Viewpoint: Strategies for the Consumer Protection Bureau Head

The Dodd-Frank Wall Street Reform and Consumer Protection Act has created a uniquely powerful entity, the Consumer Financial Protection Bureau. Intended to be an independent bureau housed within the Federal Reserve Board, the CFPB will have authority over practically all federal consumer protection statutes.

As an administrative entity within another independent administrative agency (e.g., the Federal Reserve), the CFPB has been largely removed from political influence and the benefits associated with political compromise.

Because our domestic economy is reliant upon consumer spending and activity, the priorities adopted by the head of the CFPB — termed the director — will be subject to detailed critical analysis. Below are several strategies the director may consider as the CFPB takes shape.

First, the new director, who has yet to be nominated by the administration, must make the difficult choice between organizing the CFPB and focusing on forward-looking policy development. While the attractiveness of policy development is self-evident, the scope of the CFPB bureaucracy will be breathtaking and will require the hand of a steady and experienced manager.

Among other tasks, the director must create several offices within the CFPB, recruit and transfer staff from other federal agencies, identify the types of consumer financial companies that the CFPB will directly regulate and create an examination, supervision and enforcement staff for directly regulated companies. If this list of Herculean tasks is not enough, the 17 federal consumer protection statutes transferred to the jurisdiction of the CFPB will require comprehensive analyses and review — including initiating a long-sought homogenization of the mortgage disclosure requirements of the Truth in Lending Act and the Real Estate Settlement Procedures Act.

While clearly the director must include policy determinations in the organizational mixture, the emphasis on sound administrative organization should be the principal focus of the first director of the CFPB.

Once the director completes the initial organizational tasks for the CFPB and can turn to the development and implementation of policy, the assigned role of the director as the arbiter of appropriate behavior by the consumer financial services industry will almost certainly become apparent.

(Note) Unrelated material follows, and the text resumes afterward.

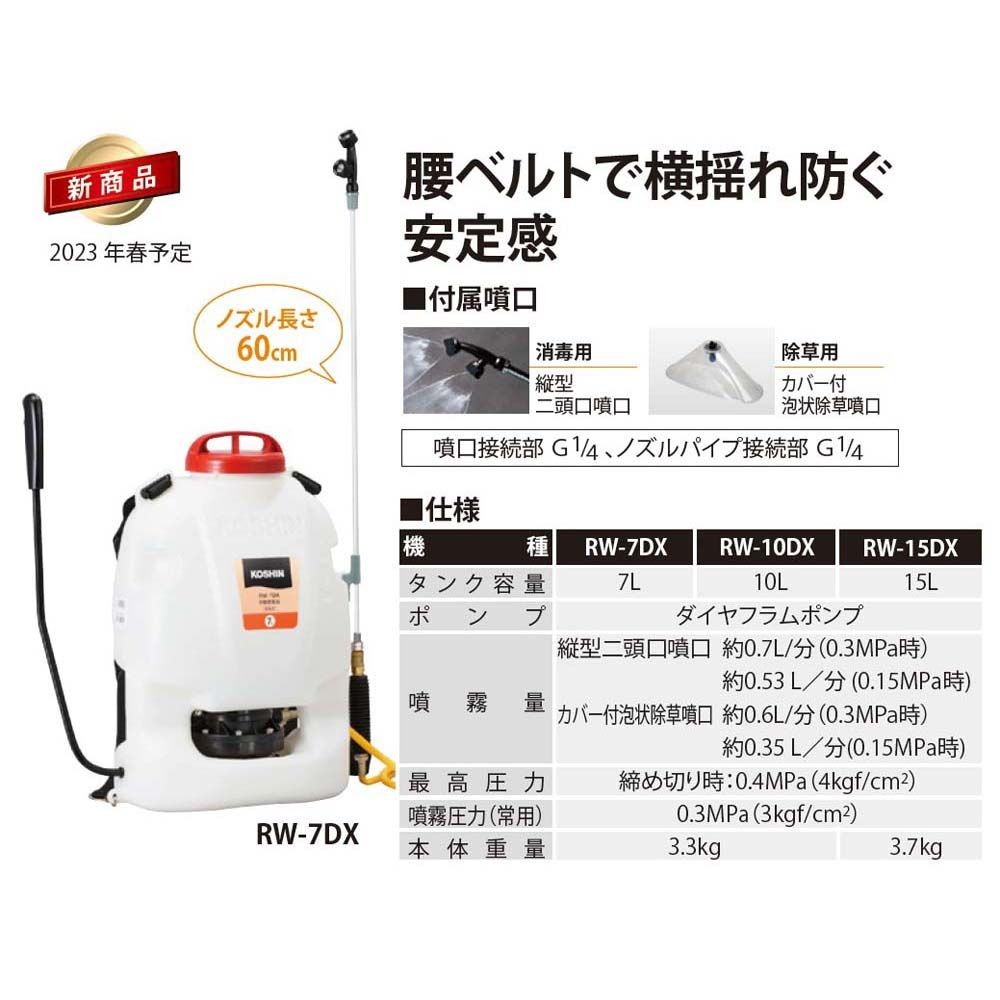 【現行品】工進　背負い式手動噴霧器　ＲＷー7ＤＸ, ホワイト, 7L（RW7DX）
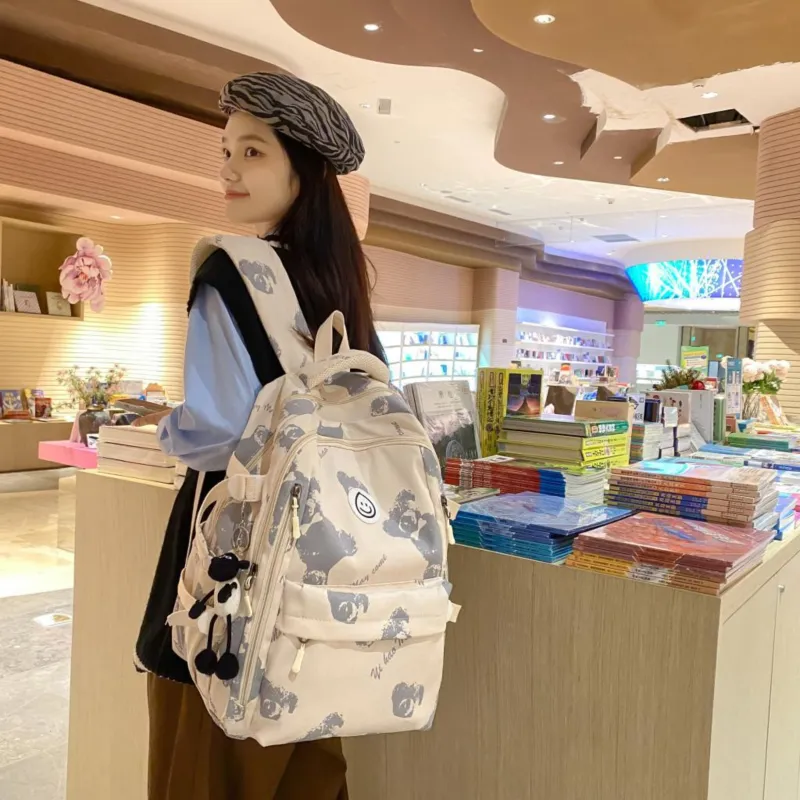 ZOGA Nylon Backpack Unisex White & Blue/Beige Bear-6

However, the absence of a voting board of directors may make any determination by the director potentially subject to attack and criticism. Particularly if the first director accepts the appointment based upon an announced pro-consumer or pro-industry agenda, the political dynamics of almost any policy determination may result in diminished credibility and demands for change.

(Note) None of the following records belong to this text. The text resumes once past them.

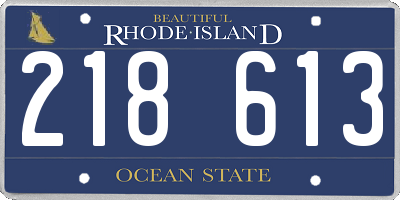 RI license plate 218613
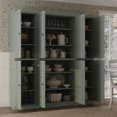 thumbnail image 3 of 100% Solid Wood Kitchen Pantry Storage Cabinet with Solid Doors and Adjustable Shelves, Sage Wooden Modular Tall Cabinets, 3 of 6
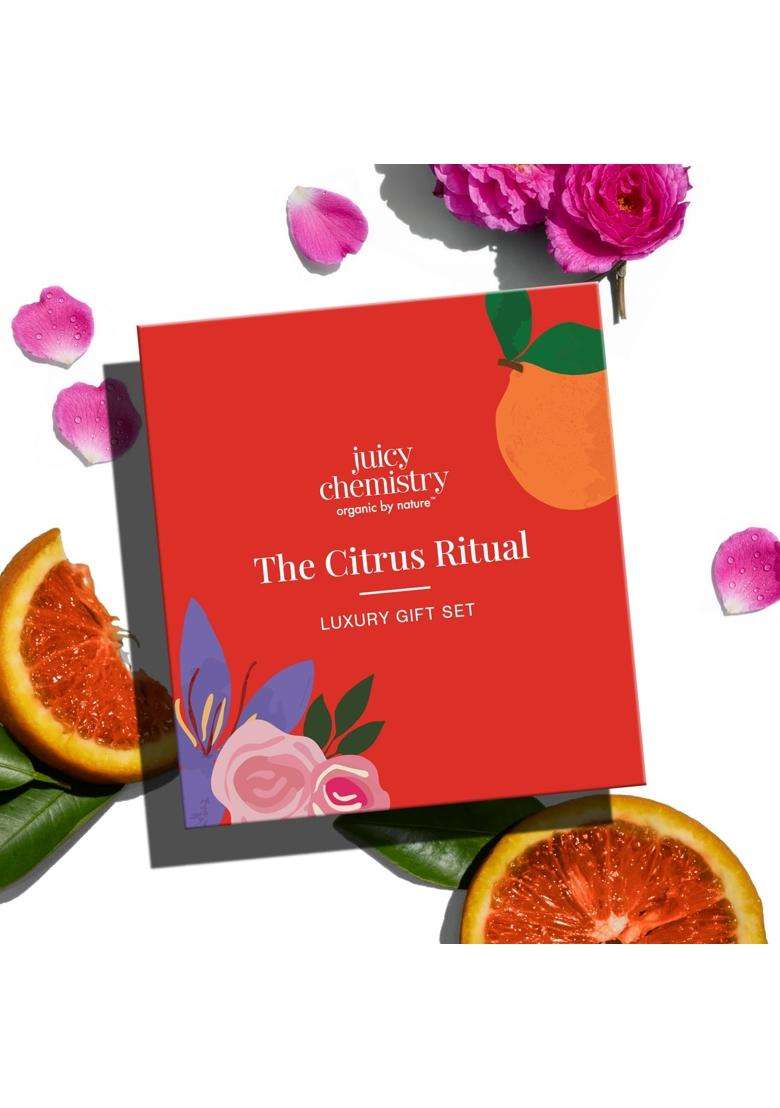 Juicy Chemistry Citrus Ritual Gift Box 200 ml | Body Care Kit | Body Wash 200 ml + Face & Body Brightening Scrub 75g + Rose Water 100 ml - Indya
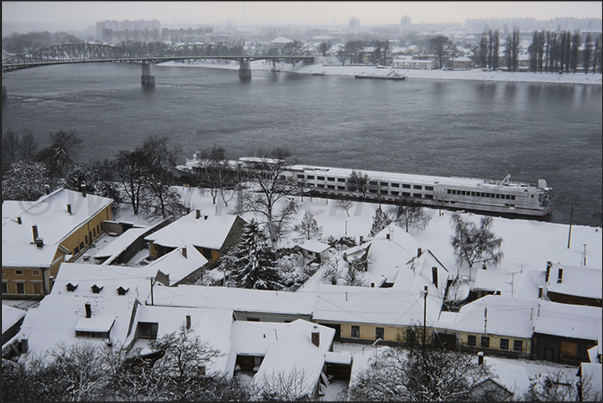 Esztergom. The mooring area located near the old town Esztergom. The mooring area located near the old town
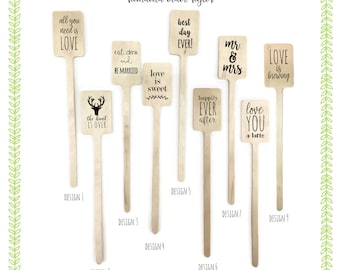 Coffee or Cocktail Sticks - Drink Stir Sticks - Cupcake Picks - Wedding Themed and Ready to Ship - FREE U. S. SHIPPING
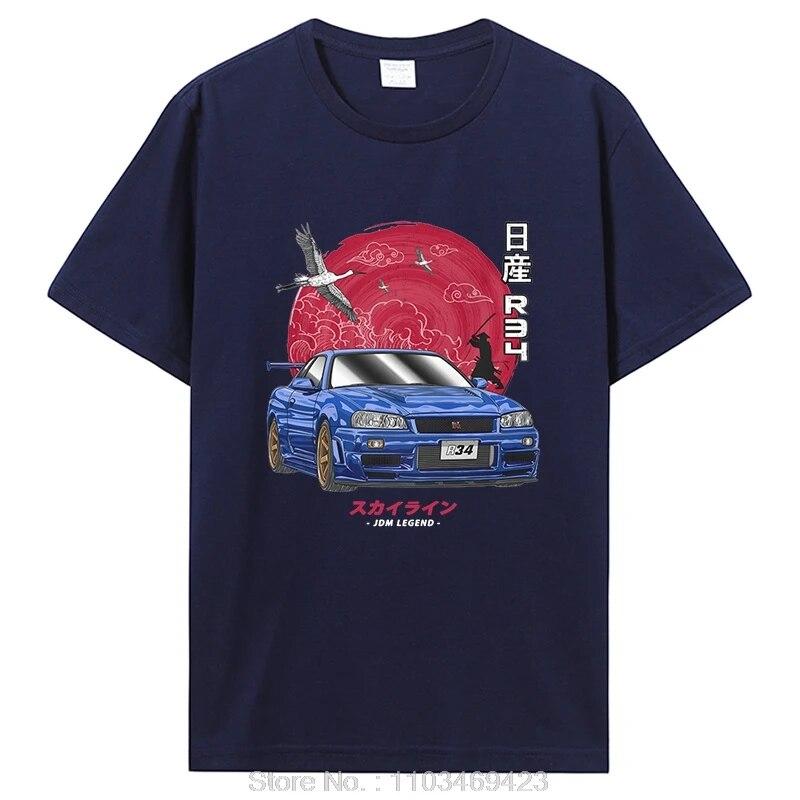 Хлопковая рубашка Initial DT, унисекс, женская футболка Harajuku, эстетическая футболка большого размера, забавная футболка с автомобилем JDM LEGEND, футболка Skyline R34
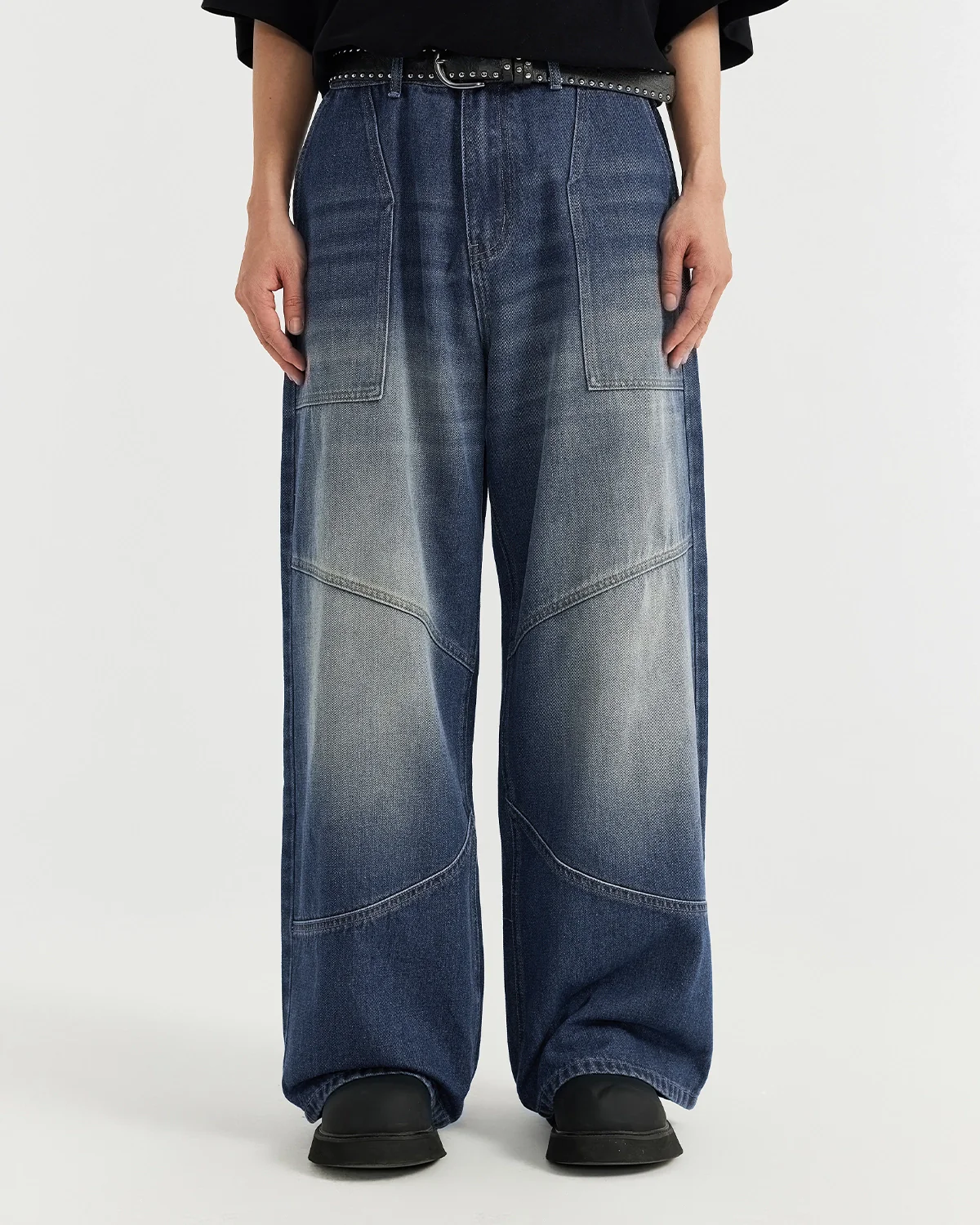 INFLATION Washed Baggy Jeans - Image 5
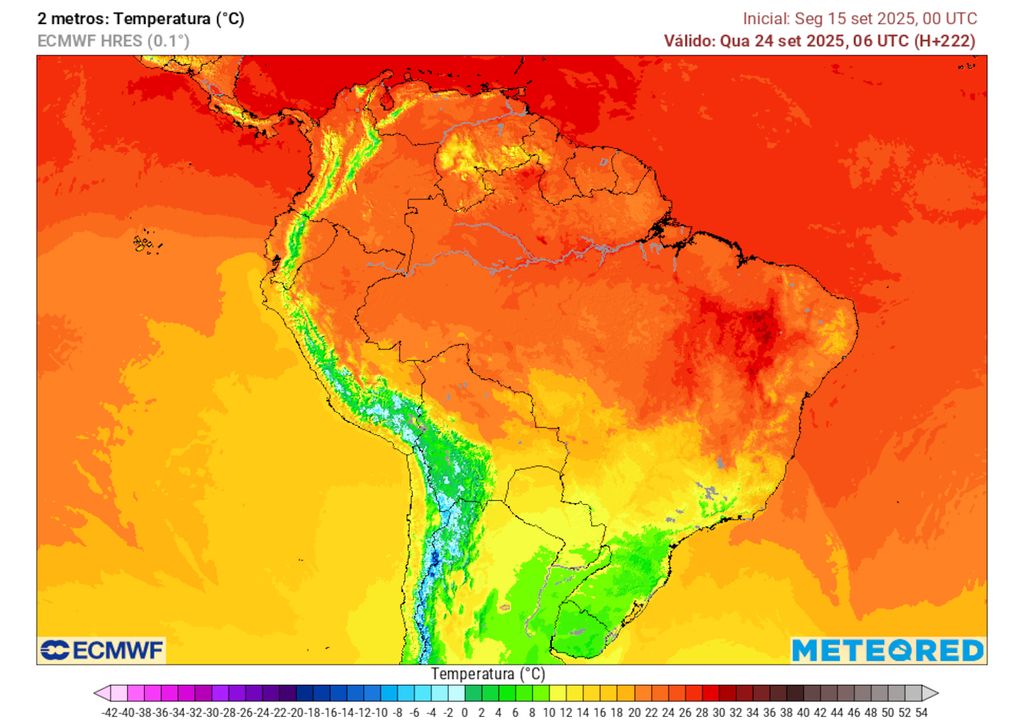 Previsão de temperaturas mínimas no dia 24 de Setembro.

No matter who is appointed director, it is apparent that he/she will do everything possible to balance competing interests. However, the perception that valid financial industry or consumer views are not being considered may quickly undermine the effectiveness of the CFPB.

To remedy this looming problem, the director could, at an early stage in the organizational process, recommend to Congress that the bureau expand to a three- to five-person board — with the director holding management authority similar that of the chairman of the FDIC. This modification might substantially mollify all stakeholder concerns about reasonable access and ensure a fair hearing at the CFPB's policy and rulemaking levels.

Finally, the director will face with the challenge of utilizing his/her position as a bully pulpit before a wide range of engaged constituencies. Many consumer groups view the creation of the CFPB as a long-sought victory and will be interested in hearing plans for high-profile enforcement actions against lenders. At the same time, consumer financial companies will expect the CFPB to appreciate the complexities of the consumer marketplace, including a public acknowledgement by the director of the challenges presented by procedural and substantive consumer requirements in an ever-evolving technological environment.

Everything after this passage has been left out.